### ACTIVITY
These records contain pictures, which must be left out; copy exactly the lines from the one with "full bath featuring" up to and including the one with "A coastal promenade".

### MATERIAL FOR THIS TASK
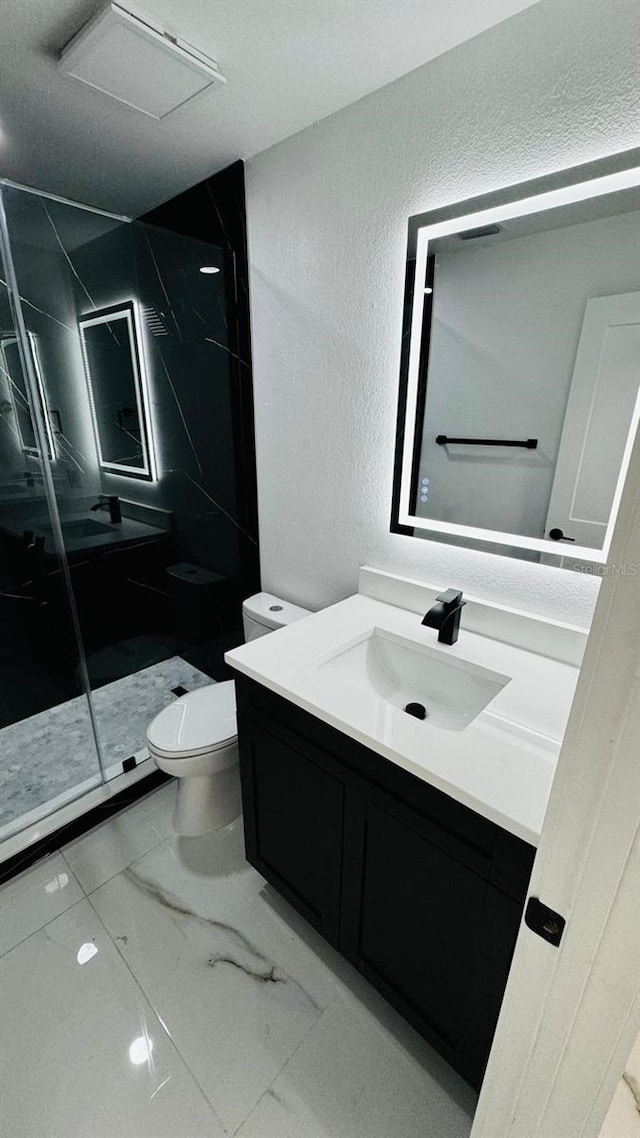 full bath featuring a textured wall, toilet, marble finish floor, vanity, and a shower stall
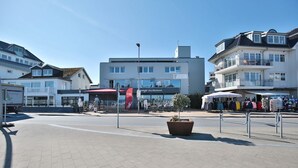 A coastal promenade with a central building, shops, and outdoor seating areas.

* * *

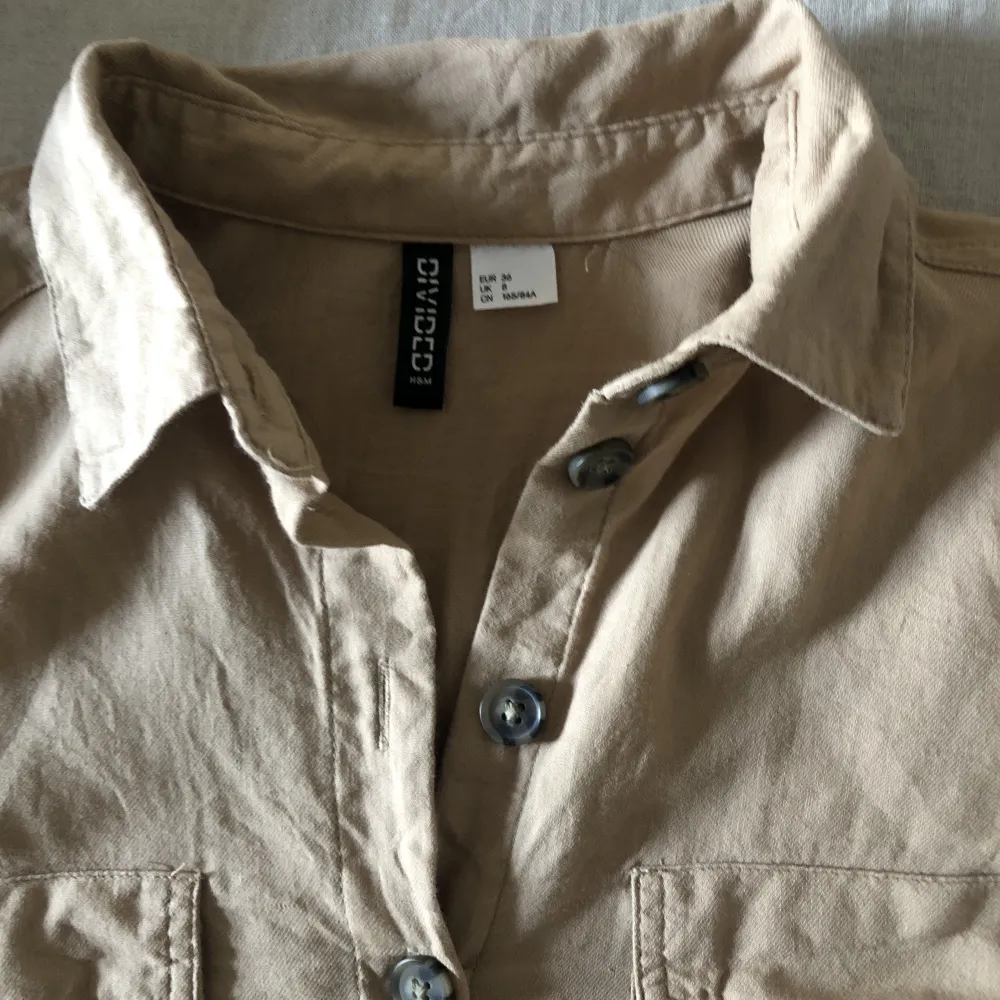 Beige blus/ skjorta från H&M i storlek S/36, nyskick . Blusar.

---

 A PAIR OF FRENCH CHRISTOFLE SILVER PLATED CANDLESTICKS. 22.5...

### WRITTEN ANSWER
 full bath featuring a textured wall, toilet, marble finish floor, vanity, and a shower stall
 A coastal promenade with a central building, shops, and outdoor seating areas.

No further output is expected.